Oshi, Murtada A., Naeem, Muhammad, Bae, Junhwan, Kim, Jihyun, Lee, Juho, Hasan, Nurhasni, Kim, Wooseong, Im, Eunok, Jung, Yunjin, Yoo, Jin-Wook
Carbohydrate polymers 2018 v.198 pp. 434-442
alginates, animal models, anti-inflammatory activity, chitosan, colitis, dexamethasone, oligosaccharides, pH, particle size, small intestine, stomach, therapeutics
Oral colon-targeted drug delivery has gained popularity as an effective strategy for treatment of inflammatory bowel disease (IBD). In this study, we prepared colon-targeted dexamethasone microcrystals (DXMCs) coated with multilayers of chitosan oligosaccharide (CH), alginate (AG), and finally Eudragit S 100 (ES) (ES1AG4CH5-DXMCs) using a layer-by-layer (LBL) coating technique. Particle size, surface charge, in vitro drug release, and in vivo anti-inflammatory activity of ES1AG4CH5-DXMCs were evaluated.

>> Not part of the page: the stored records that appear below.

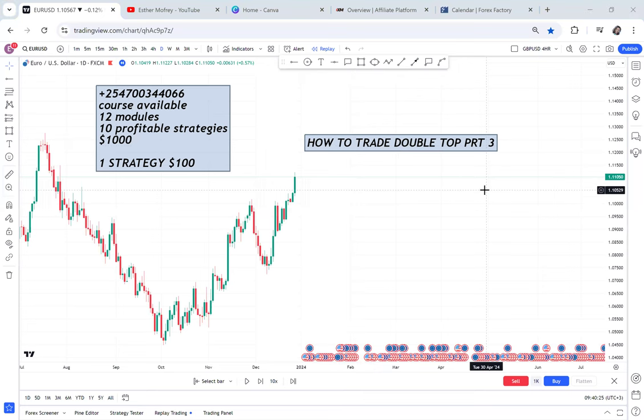Hi guys, welcome back to my YouTube channel. Today we are doing how to trade double top part three. If you have not watched part one and part two, go and watch them because they have a lot of information. In this part three, I want to show you how to target take profit two.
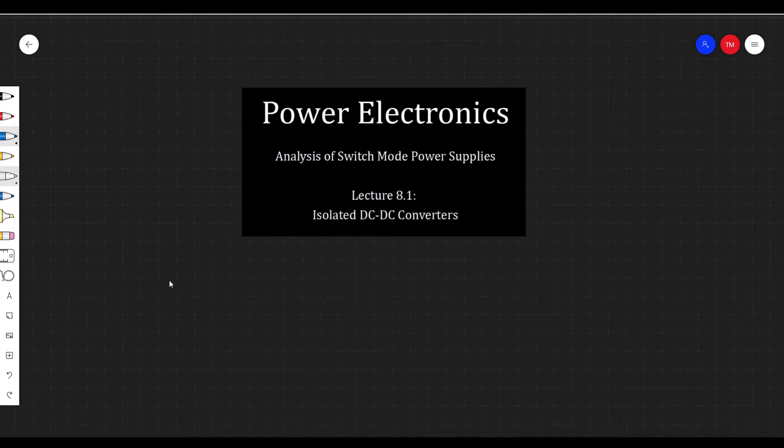Hey everyone, welcome back to Power Electronics. I'm Tim, and today we're talking about isolated DC to DC converters.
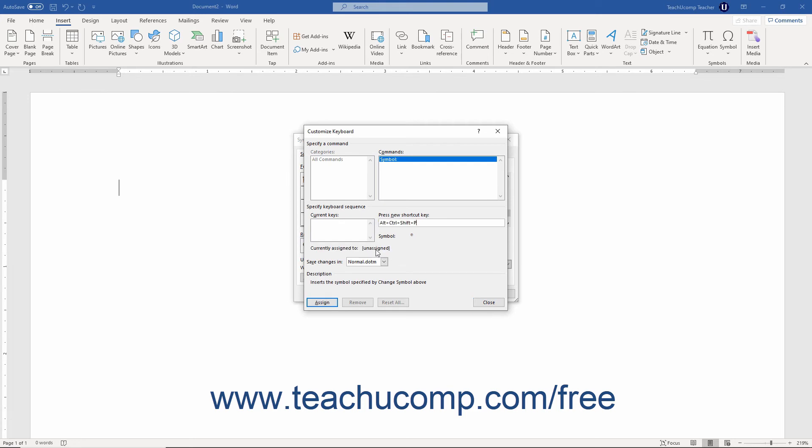Once it is currently assigned to the unassigned choice, you can then click the Assign button to assign the keyboard shortcut you created to the symbol that you selected. You can then click the Close button to return to the Symbol dialog box. Later on, you can press the shortcut key you created in a document to insert the selected symbol.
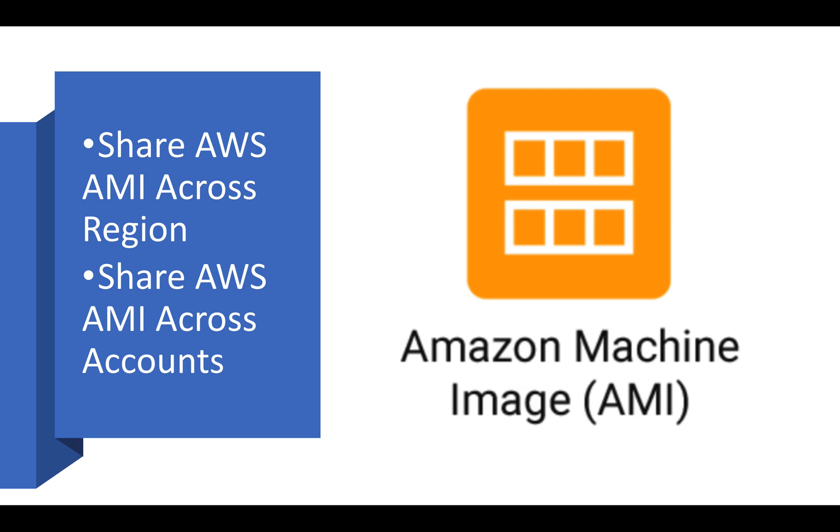Hey everyone, Shashank this side. I hope everybody is doing well and safe at home. As you can see on my screen, today we'll be covering an important topic where I will show you how you can share your AWS AMI across different regions within AWS and across different accounts.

ES1AG4CH5-DXMCs had an average particle size of 2.34 ± 0.19 μm and a negative surface charge of - 48 ± 9 mV. ES1AG4CH5-DXMCs demonstrated pH-dependent dexamethasone release, avoiding initial burst drug release in acidic pH conditions of the stomach and small intestine, and providing subsequent sustained drug release in the colonic pH. Importantly, ES1AG4CH5-DXMCs exhibited a significant therapeutic activity in a mouse model of colitis compared to other DXMCs. Overall, the LBL-coated DXMCs presented here could be a promising colon-targeted therapy for IBD.